IA médicale : la FDA imagine un examen pour l’IA générative

IA médicale : la FDA imagine un examen pour l’IA générative

Un logiciel médical classique répond à une question définie : il mesure un signal, classe une image ou calcule un score. Un système fondé sur l’IA générative peut recevoir une demande imprévue, mener plusieurs étapes de raisonnement, dialoguer avec un patient et produire deux réponses différentes à partir d’une situation presque identique. Comment autoriser un tel dispositif sans prétendre avoir testé toutes les conversations possibles ?

La Food and Drug Administration américaine tente de construire une réponse. Le 18 août 2026, l’agence a publié un document de discussion consacré aux dispositifs médicaux intégrant l’IA générative. Son idée la plus marquante consiste à évaluer ces systèmes un peu comme des compétences cliniques : des épreuves structurées d’abord, puis une confirmation dans des conditions représentatives des soins, et enfin une surveillance après la commercialisation.

Le parallèle avec la formation d’un médecin est séduisant, mais il a des limites.

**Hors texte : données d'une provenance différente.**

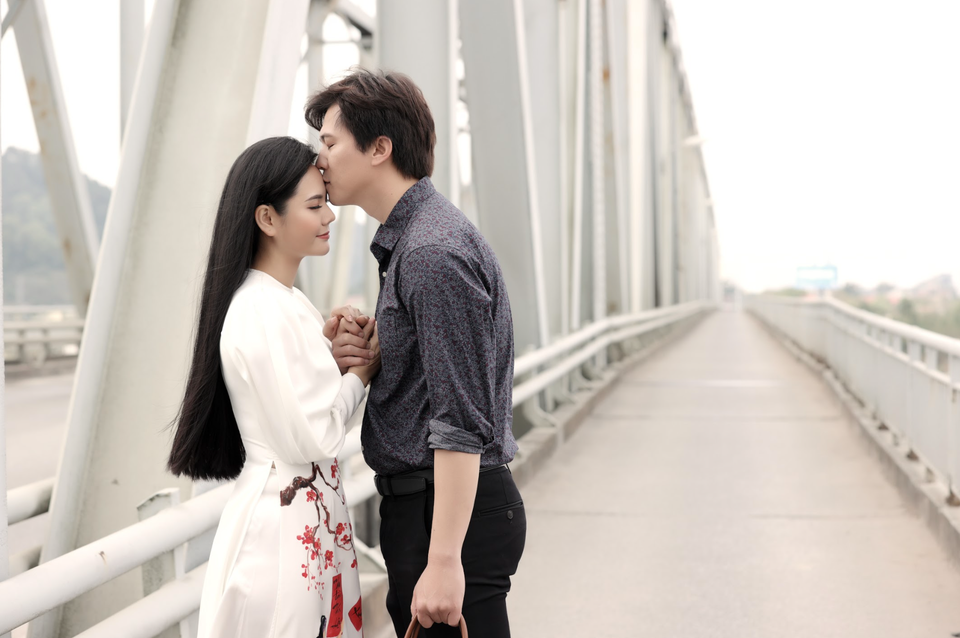 Lương Nguyệt Anh đóng cảnh tình cảm nồng nàn với trai đẹp đã có vợ - 4 Lương Nguyệt Anh đóng cảnh tình cảm nồng nàn với trai đẹp đã có vợ - 4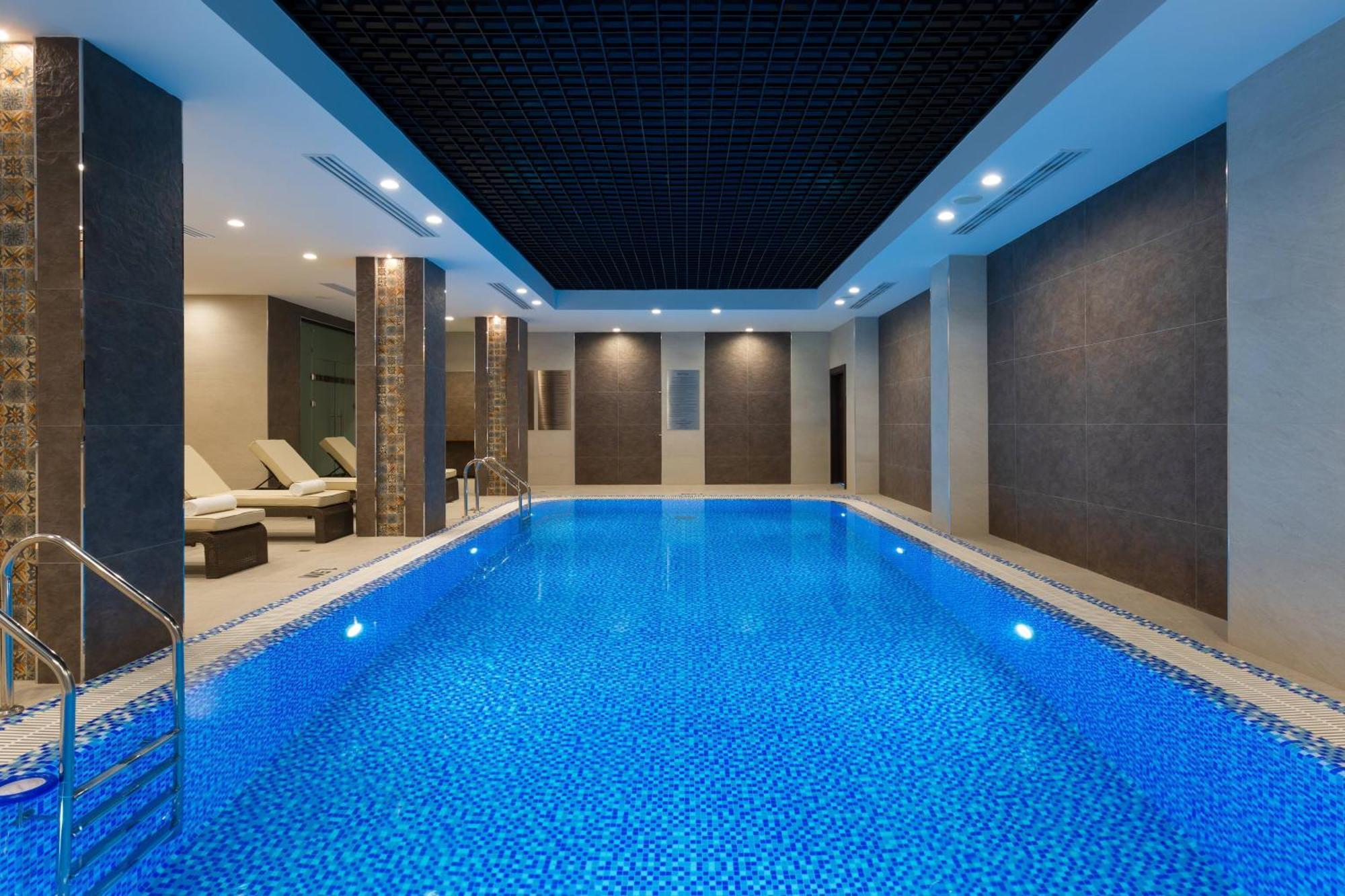 Courtyard By Marriott Tashkent Hotel Bagian luar foto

Un modèle n’assume pas de responsabilité professionnelle, peut dépendre d’une plateforme tierce qui évolue sans prévenir et peut répéter une erreur à grande échelle. La consultation ne crée donc pas un permis d’exercer pour les machines. Elle révèle plutôt l’ampleur du problème réglementaire : certifier non plus seulement un algorithme figé, mais un produit capable de parler, de s’adapter et parfois d’agir.

La FDA ouvre une consultation, pas une nouvelle autorisation

Le premier point à retenir est aussi le plus important : le document de la FDA n’est ni une règle, ni un projet de recommandation officielle, ni une modification déjà décidée de la politique américaine. L’agence précise qu’elle cherche des avis précoces et qu’elle ne tranche même pas encore la question de savoir si les approches envisagées entrent dans ses pouvoirs actuels ou nécessiteraient une nouvelle base légale.

Les fabricants, médecins, patients, chercheurs et autres parties intéressées peuvent répondre jusqu’au 19 octobre 2026, dans le dossier FDA-2026-N-7874. Le calendrier et la nature du texte comptent : la FDA cartographie un territoire avant de choisir la route réglementaire.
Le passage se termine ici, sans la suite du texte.